The Role of Turbulent Coherent Structures on the Evolving Seabed

a Warren Distinguished Lecture with Tian-Jian Hsu, Civil and Environmental Engineering, University of Delaware 

ABSTRACT
In the estuarine and coastal modeling community, the Reynolds-averaged methodology has been the most popular and affordable approach. The main assumption of a Reynolds-averaged methodology is to model the effect of turbulent fluctuations via a “diffusion” and hope that the ensemble averaged mean flow structure can be well-resolved. This methodology is proven to be useful for turbulent shear flows in simple flow configuration. However, the Reynolds-averaged closure assumption becomes ambiguous when the flow of interest involves instabilities, generation of primary vortices (e.g., flow separation), and 3D configurations as it forces a separation between mean flow structure and turbulent coherent structure.

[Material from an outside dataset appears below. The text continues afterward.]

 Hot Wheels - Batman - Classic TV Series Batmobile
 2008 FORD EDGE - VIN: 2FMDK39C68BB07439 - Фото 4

Computational fluid dynamics (CFD) for multiphase flows are applied in this study to investigate coastal processes, particularly coastal sediment transport problems that require resolving turbulent coherent structures. SedFoam is a Eulerian two-phase model for sediment transport applications. It is based on solving the mass and momentum equations for the water phase and fluid phase with closure on turbulence, particle stresses, and interphase momentum coupling. Therefore, SedFoam is capable of modeling the full dynamics of sediment transport without the need to artificially separate transport into bedload and suspended load layers. To resolve turbulent coherent structures, SedFoam has recently been extended for 3D large-eddy simulation capability. In this talk Tian-Jian Hsu will discuss three applications. The first application demonstrates how flow instabilities and turbulent coherent structures drive the observation of large sheet flow layer thickness and resulting unexpected offshore transport unique for fine sand in onshore velocity-skewness waves. The second application further investigates the importance of resolving turbulent coherent structures in the generation of primary vortices and the resulting scour development around a vertical pile. In particular, Hsu demonstrates that the conventional Reynolds-averaged two-equation closure significantly under-predicts the vortices’ intensity and, hence, the predicted scour depth. Finally, Hsu extends the investigation to understand the significance of resolving turbulent coherent structures in the formation of bedforms. Preliminary results will be presented. 

SPEAKER
Dr. Tian-Jian Hsu (Tom) is currently Professor of Civil and Environmental Engineering at the University of Delaware (UD) and the Director of the Center for Applied Coastal Research. He earned a bachelor’s degree in Ocean Engineering from National Taiwan University in 1994 and Ph.D. degree in Civil Engineering from Cornell University in 2002. Before joining UD, he was a Postdoctoral Scholar and Assistant Scientists at Woods Hole Oceanographic Institution and an Assistant Professor at the University of Florida. He received an NSF Early Career Development (CAREER) Award in 2007. He was also the recipient of the 2021 Hans Albert Einstein Award from ASCE. Hsu has published about 100 peer-reviewed journal papers and book chapters. His main research covers numerical modeling/simulation of various sediment transport problems, including wave-driven sediment transport, beach erosion/recovery, scour, flocculation of cohesive sediments and interaction of sediment and spilt oil. Hsu’s research team devoted major efforts in the past several years to create open-source numerical modeling tools for fine-scale nearshore processes and sediment transport in the OpenFOAM framework.